Now, what you are looking for is distribution of the estimate of the variance of true errors ($\varepsilon$) so that you can construct a confidence interval for it.
First let $\boldsymbol{\varepsilon} \sim N(\mathbf{0},\sigma^2I)$. Now the estimate for $\sigma^2$ is (where $K$ is the number of paramters in the model):
\begin{align}
s^2 \equiv \frac{\mathbf{e'e}}{n-K} = \frac{\boldsymbol{\varepsilon'}M\boldsymbol{\varepsilon}}{n-K}
\end{align}
So for this you can use the following property that (taken directly from this wiki page)
If $Y$ is a vector of $k$ i.i.d. standard normal random variables and
$A$ is a $k\times k$ symmetric,
idempotent matrix with rank $k-n$,
then the quadratic form $Y^{T}AY$
is chi-square distributed with $k-n$
degrees of freedom.
Since $M$ is idempotent and symmetric with rank $n-K$, it is clear that:
$$\Big(\frac{\boldsymbol{\varepsilon'}}{\sigma}\Big)M\Big(\frac{\boldsymbol{\varepsilon}}{\sigma}\Big) = \frac{n-K}{\sigma^2}s^2 \sim \chi^2_{(n-K)}$$
This can be used now to construct the confidence interval:
$$Pr\bigg(q_{\alpha/2}<\frac{n-K}{\sigma^2}s^2 < q_{1-\alpha/2}\bigg)=1-\alpha$$
$$Pr\bigg(\frac{n-K}{q_{1-\alpha/2}}s^2 < \sigma^2 < \frac{n-K}{q_{\alpha/2}}s^2 \bigg) = 1-\alpha$$
where $q_p$ is the $p^{th}$ quantile of $\chi^2_{(n-K)}$
Based on your data, we can use qchisq
in R to get these quantilies.
# lower bound:
sum(salesmod$residuals^2)/qchisq(0.975,df=15)
[1] 285.7373
# upper_bound
sum(salesmod$residuals^2)/qchisq(0.025,df=15)
[1] 1254.277
Best Answer
Unless there is some underlying lesson or instruction I am missing, I find your instructor's approach a bit silly here. When computing the "variance" of a sample of observed quantities, we are really trying to form an estimator for the underlying random variable is represents. In my view, it is therefore more sensible to view the statistic you computed (the unbiased error variance estimator) as the proper "variance" in this case.$^\dagger$ The statistic your instructor is suggesting is one that incorporates Bessel's correction for a standard IID sample, but the residuals are not a sample of this kind, and consequently the statistic he is proposing is not an unbiased estimator of anything useful here.

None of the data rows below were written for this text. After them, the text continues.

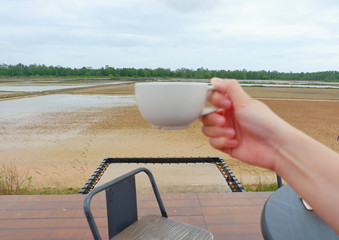 Hand women hodling white coffee cup with salt farm background. She hand keep cup for drinking coffee for relaxing on holiday time.CGirl is holding white cup in hands. Mug for woman, gift.Close up.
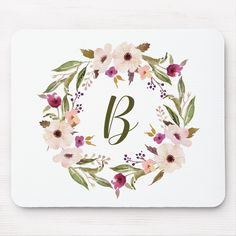 a floral wreath with the letter b in it's center on a white mouse pad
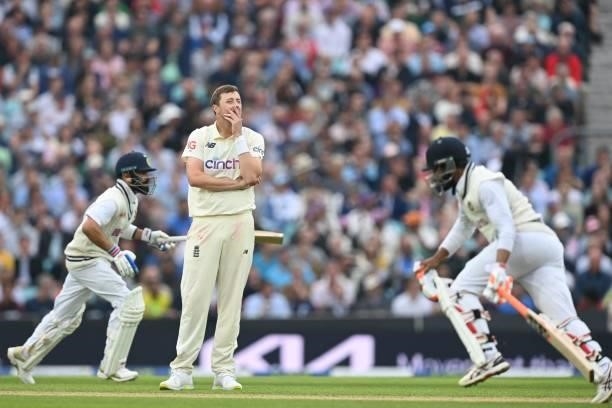 England's Ollie Robinson looks on as India's captain Virat Kohli and India's Ravindra Jadeja take a run during play on the third day of the fourth...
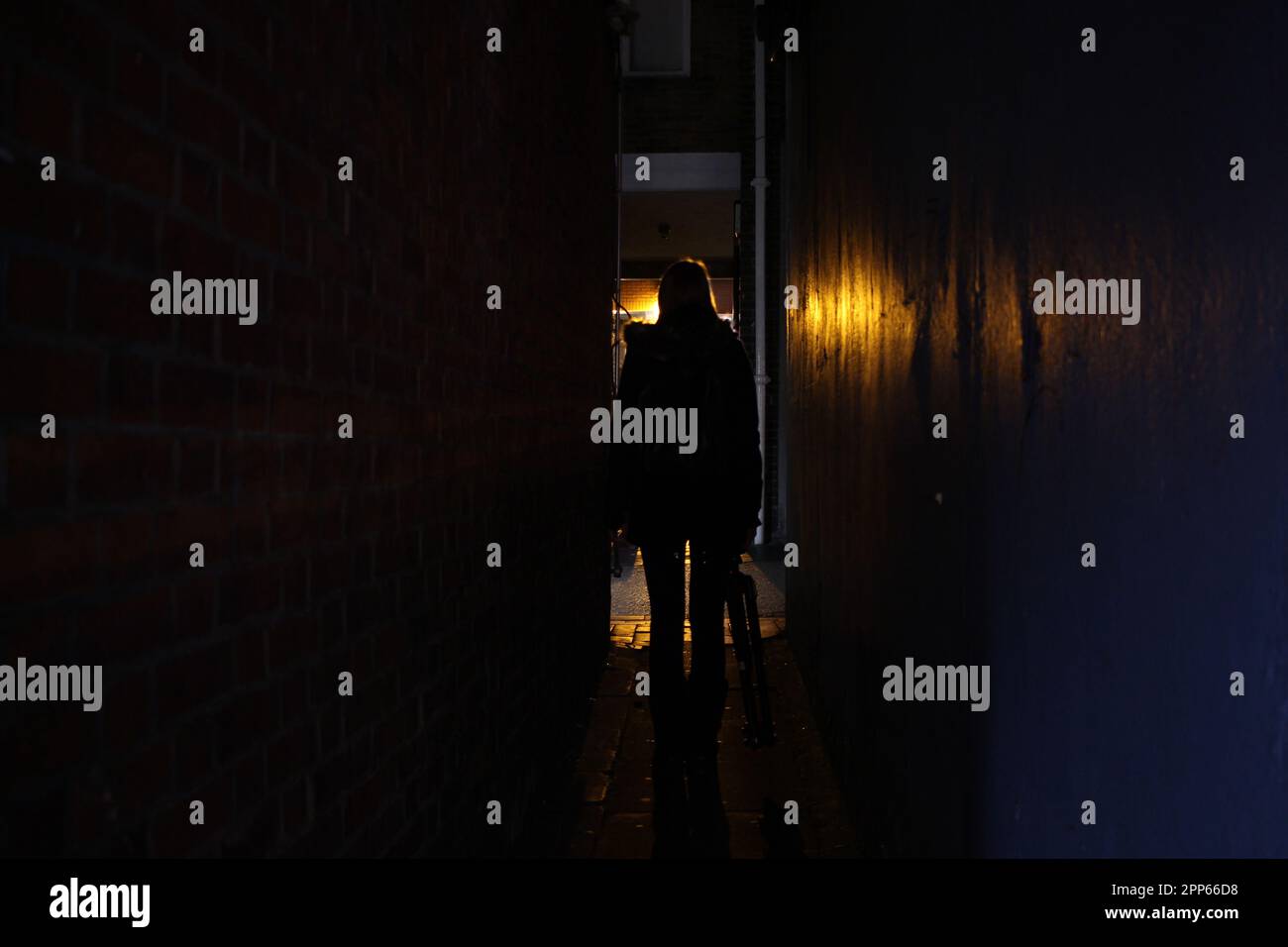 Woman in a dark alleyway at night Stock Photo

It is possible that your instructor wanted you to compute the "sample variance" of the residuals using the standard formula, perhaps for the purpose of stressing to you that this is not equivalent to the unbiased error variance estimator in this case. Perhaps he is trying to impart some lesson here about the differences between the unbiased variance estimator in the IID case versus the unbiased estimator in the regression model. In any case, you seem to understand the matter well, so don't sweat it if you were marked incorrectly.
$^\dagger$ In the comments, whuber points out that the "variance" of a sample of values is sometimes regarded as the sum of squares divided by $n$ --- this definition comes from the fact that it is the variance of the empirical distribution of the sample. I am somewhat in the minority in the statistical profession in regarding this as a poor definition of the "variance" of a sample. In any case, this is not what your instructor is referring to.